The Node class has several member functions. Most of these functions are accessors: they provide access to the private data members that are not otherwise accessible except by a member function of the Node class itself. The accessor functions are getParent(), getLeftChild(), getRightSib(), getNumber(), getName(), getEdgeLength(), and (commented out for now) getSplit().

Note that these functions are defined (i.e. their function body is provided) directly in the class declaration (i.e. the part between class Node and };). This is fine for really simple functions, but for functions with even slightly more complicated bodies, we will move the bodies further down in the file to avoid making the class declaration too difficult to comprehend at a glance.

The member function setEdgeLength is a setter: it sets the value of a particular data member to the specified floating point value.
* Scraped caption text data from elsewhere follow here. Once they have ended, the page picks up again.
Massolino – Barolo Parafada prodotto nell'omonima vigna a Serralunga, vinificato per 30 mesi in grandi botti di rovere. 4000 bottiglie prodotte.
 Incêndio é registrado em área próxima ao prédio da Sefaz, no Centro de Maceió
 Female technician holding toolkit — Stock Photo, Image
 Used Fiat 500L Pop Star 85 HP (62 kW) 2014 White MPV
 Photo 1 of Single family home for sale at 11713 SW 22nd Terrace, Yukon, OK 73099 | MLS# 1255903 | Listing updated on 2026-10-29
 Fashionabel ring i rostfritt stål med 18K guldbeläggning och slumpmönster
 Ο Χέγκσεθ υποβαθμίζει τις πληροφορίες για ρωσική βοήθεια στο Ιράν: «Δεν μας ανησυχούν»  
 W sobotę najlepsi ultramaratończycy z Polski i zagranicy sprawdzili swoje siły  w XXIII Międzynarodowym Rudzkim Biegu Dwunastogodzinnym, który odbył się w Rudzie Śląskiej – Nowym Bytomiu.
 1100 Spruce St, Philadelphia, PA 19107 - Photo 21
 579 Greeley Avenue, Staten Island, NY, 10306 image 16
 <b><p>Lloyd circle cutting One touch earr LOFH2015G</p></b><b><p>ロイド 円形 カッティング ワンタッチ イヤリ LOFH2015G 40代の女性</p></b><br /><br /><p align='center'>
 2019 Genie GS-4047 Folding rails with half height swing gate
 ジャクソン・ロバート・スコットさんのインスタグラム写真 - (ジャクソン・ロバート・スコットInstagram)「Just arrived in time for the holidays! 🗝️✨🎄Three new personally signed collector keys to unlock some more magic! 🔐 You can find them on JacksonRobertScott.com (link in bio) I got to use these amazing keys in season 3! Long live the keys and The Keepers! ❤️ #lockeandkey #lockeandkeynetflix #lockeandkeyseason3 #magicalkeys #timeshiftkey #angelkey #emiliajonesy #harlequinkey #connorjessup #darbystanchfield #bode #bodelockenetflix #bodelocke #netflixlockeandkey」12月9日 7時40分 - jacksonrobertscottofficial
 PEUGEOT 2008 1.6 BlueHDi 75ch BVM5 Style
The function body is a bit too long to include in the class declaration, so its body is provided near the bottom (but inside the strom namespace code block). This function enforces a minimum length (_smallest_edge_length) for any edge.

Constructors and destructors

Two member functions are special: the constructor function and the destructor function. You can identify these by the fact that they have no return type (not even void!) and their names are identical to the class name. The constructor is called automatically when a new object of the class is created, so it is the logical place for doing setup tasks that should be done before an object is used for the first time. The destructor is called automatically when the object is being deleted, and is the logical place for cleanup tasks that should be done before the object goes away.

The constructor defined here just reports that an object of type Node has been created, and then calls the clear() function to initialize data members. The destructor simply reports that a Node object is being destroyed. We will eventually comment out these std::cout statements to avoid cluttering the output, but for now it is nice to be able to see when objects are created and destroyed.

Public versus private

You might wonder “why don’t we just make all data members public?” It is always wise to expose as little as possible to the outside world. Accessors provide read-only access to anyone who is interested, but do not allow just anyone to make changes to the data members of the Node class. This makes it harder for someone (maybe even yourself at a later time!) who does not fully understand your code to introduce errors when modifying it.

We will soon find that some classes use private members of Node to such an extent that we will make each of these classes a friend of Node. Any class declared as a friend of Node has full access to private data members. Because the classes Tree (which comprises Node objects), TreeManip (whose purpose is to manipulate Tree objects), and Likelihood (whose purpose is to compute the likelihood of a tree) do not yet exist, these friend declarations are currently commented out.